*** Information shown Section Begins ***

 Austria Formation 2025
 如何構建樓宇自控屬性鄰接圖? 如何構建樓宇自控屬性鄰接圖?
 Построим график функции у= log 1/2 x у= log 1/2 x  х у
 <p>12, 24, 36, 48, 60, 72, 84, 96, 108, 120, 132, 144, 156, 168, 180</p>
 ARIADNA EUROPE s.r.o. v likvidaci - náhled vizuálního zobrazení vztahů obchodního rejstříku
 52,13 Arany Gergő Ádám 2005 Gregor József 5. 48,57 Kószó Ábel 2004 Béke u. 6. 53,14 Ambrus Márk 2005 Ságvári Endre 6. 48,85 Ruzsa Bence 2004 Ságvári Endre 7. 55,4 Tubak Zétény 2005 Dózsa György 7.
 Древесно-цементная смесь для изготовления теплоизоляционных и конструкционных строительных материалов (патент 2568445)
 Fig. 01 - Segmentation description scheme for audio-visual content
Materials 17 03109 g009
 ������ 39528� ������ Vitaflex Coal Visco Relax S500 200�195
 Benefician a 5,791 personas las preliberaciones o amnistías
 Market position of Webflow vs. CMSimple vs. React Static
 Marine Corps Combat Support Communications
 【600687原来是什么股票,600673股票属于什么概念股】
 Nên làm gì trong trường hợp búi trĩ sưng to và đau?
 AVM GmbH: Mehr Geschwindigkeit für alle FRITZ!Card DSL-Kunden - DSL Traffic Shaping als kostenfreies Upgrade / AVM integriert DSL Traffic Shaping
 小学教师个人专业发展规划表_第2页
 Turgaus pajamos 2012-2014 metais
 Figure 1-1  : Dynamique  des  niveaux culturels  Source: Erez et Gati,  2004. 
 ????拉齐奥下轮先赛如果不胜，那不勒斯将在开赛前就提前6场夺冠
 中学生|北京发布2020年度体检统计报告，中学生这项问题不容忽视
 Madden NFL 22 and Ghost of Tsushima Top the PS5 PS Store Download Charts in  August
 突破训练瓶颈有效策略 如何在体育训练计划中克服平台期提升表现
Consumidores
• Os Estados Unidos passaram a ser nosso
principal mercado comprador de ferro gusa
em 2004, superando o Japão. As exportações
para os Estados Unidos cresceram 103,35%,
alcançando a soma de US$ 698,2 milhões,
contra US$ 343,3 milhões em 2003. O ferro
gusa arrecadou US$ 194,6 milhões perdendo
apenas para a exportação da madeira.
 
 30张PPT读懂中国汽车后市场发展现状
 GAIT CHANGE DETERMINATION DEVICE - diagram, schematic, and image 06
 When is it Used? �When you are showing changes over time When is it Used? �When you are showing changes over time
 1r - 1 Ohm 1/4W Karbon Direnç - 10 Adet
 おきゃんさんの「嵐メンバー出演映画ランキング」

*** Information shown Section Ends ***

— Task details —
For the lines above, output exactly those from the line containing "52,13 Arany Gergő" through the line containing "Древесно-цементная смесь для", and skip the others.

— Answer to the exercise —
 52,13 Arany Gergő Ádám 2005 Gregor József 5. 48,57 Kószó Ábel 2004 Béke u. 6. 53,14 Ambrus Márk 2005 Ságvári Endre 6. 48,85 Ruzsa Bence 2004 Ságvári Endre 7. 55,4 Tubak Zétény 2005 Dózsa György 7.
 Древесно-цементная смесь для изготовления теплоизоляционных и конструкционных строительных материалов (патент 2568445)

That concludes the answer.